Attending Montevallo’s Day of the Dead
Published 9:02 am Monday, November 13, 2023
By BARTON PERKINS | Staff Writer
I absolutely pounded a chicken quesadilla as I sat on a plastic chair and watched Montevallo’s first-ever Day of the Dead unfurl around me.
The next day one of my co-workers, Viridiana Romero, would make fun of me for not being more adventurous at the event. “You had a chicken quesadilla?” she said. “You should have tried lamb or brain or something more festive.”
Honestly, I don’t think she’s wrong. I wish I had been more creative in my eating choices, and that I’d taken better advantage of going to this event.
Montevallo has never held a Day of the Dead, a “Dio De Los Muertos” before, and honestly I’d never really been to one before either.
Like most Americans, most of my exposure to the holiday came from a simple display erected in my high school’s library by the Spanish club for the month of November, all crate paper and xeroxed photographs held in Walmart frames.
It didn’t feel terribly authentic.
I honestly felt like I learned more about the holiday when I was in college and saw Pixar’s “Coco” for the first time in my fraternity house, and even that didn’t really prepare me for the real thing.
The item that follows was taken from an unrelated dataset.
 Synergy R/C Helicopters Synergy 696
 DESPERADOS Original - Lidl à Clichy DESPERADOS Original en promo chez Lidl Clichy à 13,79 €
Despite this, I rolled into Montevallo with confidence that I had the broad beats of the holiday pretty well figured out. Basically, you show up, you eat some food and you take time to remember the people who you’ve loved and are now deceased. It’s colorful, it’s festive and it’s a celebration of life and death.
It’s one thing to hear about something like that and to see it represented in the media. But it’s something else entirely to actually be there in person.
When I actually pulled up in my car to the Day of the Dead, I immediately saw people walking around with skulls painted on their faces. I was greeted with music and the smell of tamales, tacos and quesadillas. Like I said I would eventually wind up eating one of those.
Off to the side, people moved through a series of altars where old family pictures were displayed with candles, and I couldn’t help but stop there and watch as men, women and children took a moment to remember their parents, grandparents and siblings.
It made me think of the people I’ve lost. My dad, my grandparents, and my friend Blaise from college.
I don’t think of them that often. It’s often too painful. Too many good memories mixed with the bad. So easy just to push it all aside and do whatever it is that needs to get done that day.
These people though, the ones who went out and celebrated the day of the dead, were remembering all of those things, all of those memories of the people they’ve loved and lost. And they did it all with such a zest for life, and such a degree of exuberance.
It made me jealous, and it made me want to emulate them.
But I didn’t, I just sat there, eating my chicken quesadilla and took notes for an article I’d be writing about the event the next day.
Perhaps next year, I’ll work up the courage, the nerve to remember and to remember the good times.